Reduced nitrogen fertilization from pre-flowering to pre-veraison alters phenolic profiles of Vitis vinifera L. Cv. Cabernet Gernischt wine of Yantai, China.

Nitrogen (N) fertilization is important for grape growth and wine quality. Unreasonable N fertilizer application affects wine growth and has a negative impact on wine quality. Therefore, it is essential to address the mismatch between N application and wine composition. To regulate vine growth and improve grape and wine quality, Cabernet Gernischt (Vitis vinifera L.) grapevines were subjected to lower levels of N, compared to normal N supply treatments, during the grape growing seasons of 2019 and 2020 in the wine region of Yantai, China.
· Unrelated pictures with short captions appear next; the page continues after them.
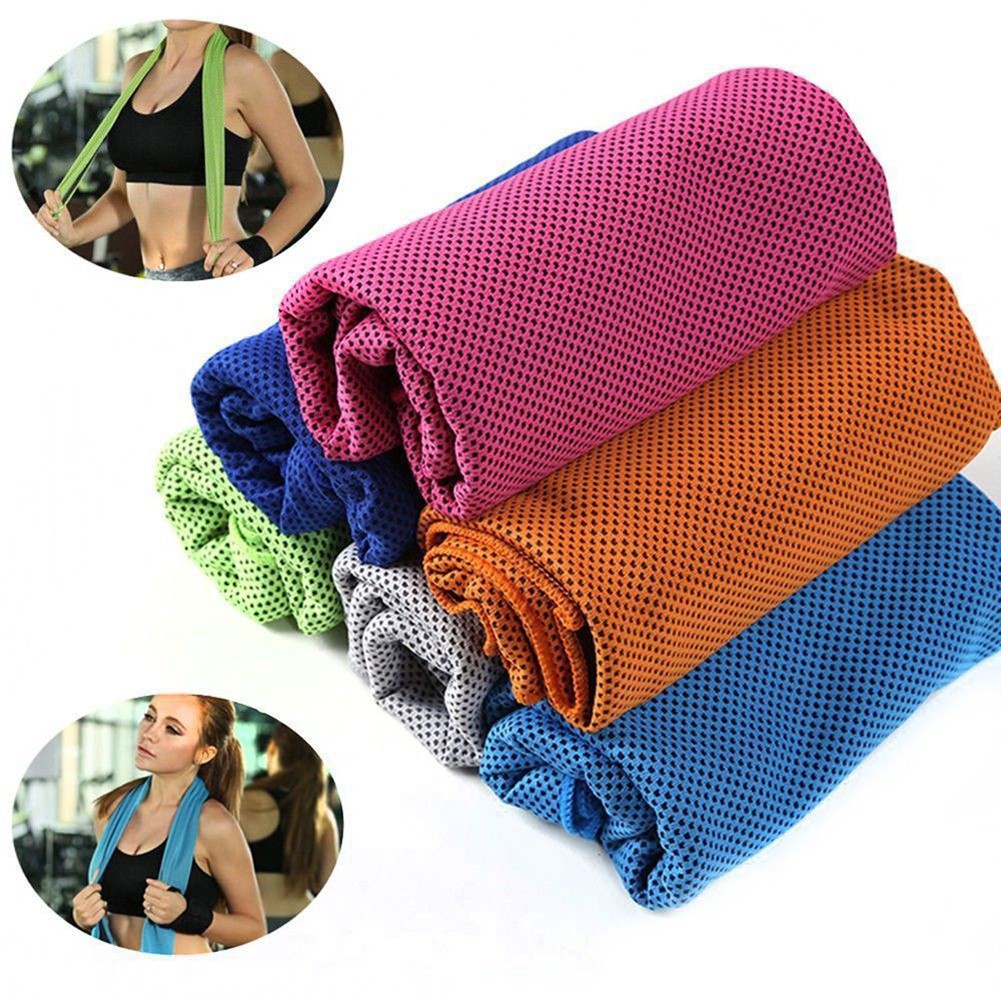 Sports Gym Jogging Enduring Running Instant Ice Cold Chilly Pad Cooling Towel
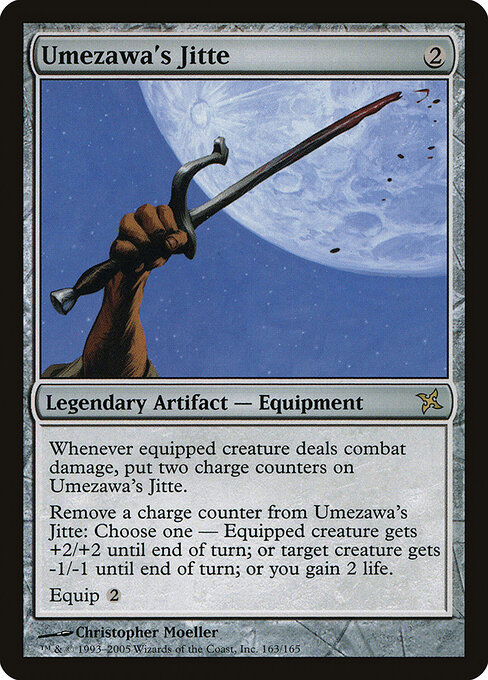 Umezawa's Jitte - Betrayers of Kamigawa Magic card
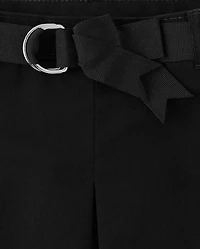 Girls Stain and Wrinkle-Resistant Belted Chino Shorts - Uniform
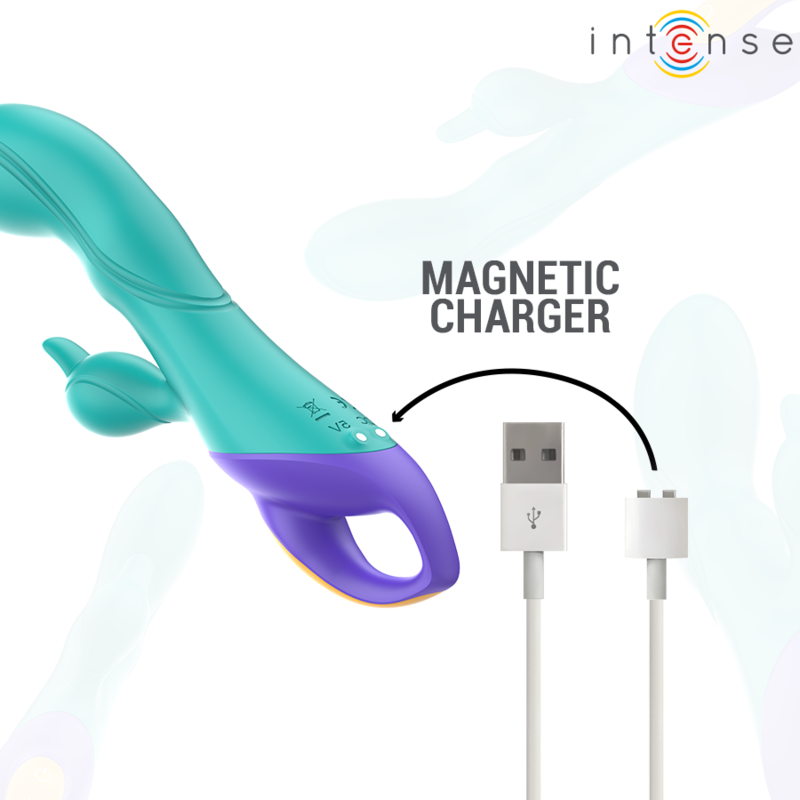 INTENSO - VIBRADOR FRED RABBIT AZUL - Image 5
The effects of reduced N application from pre-boom to pre-veraison on vine growth, yield and composition of grapes, and dry red wine anthocyanin and non-anthocyanin phenolic compound content were studied. We found that reduced N application significantly decreased dormant shoot fresh mass and yield. However, the effect of N application on fruit ripening depended on the season. Nitrogen-reduction treatment significantly improved wine phenolic parameters, including total phenolics, tannins, and anthocyanins, and enhanced most of the individual anthocyanins and some non-anthocyanin phenolics, especially stilbenes, including piceatannol, trans-resveratrol, and polydatin, regardless of the season. Overall, our findings highlight the importance of reducing N application during the grape growing season in order to modify the wine phenolic profiles.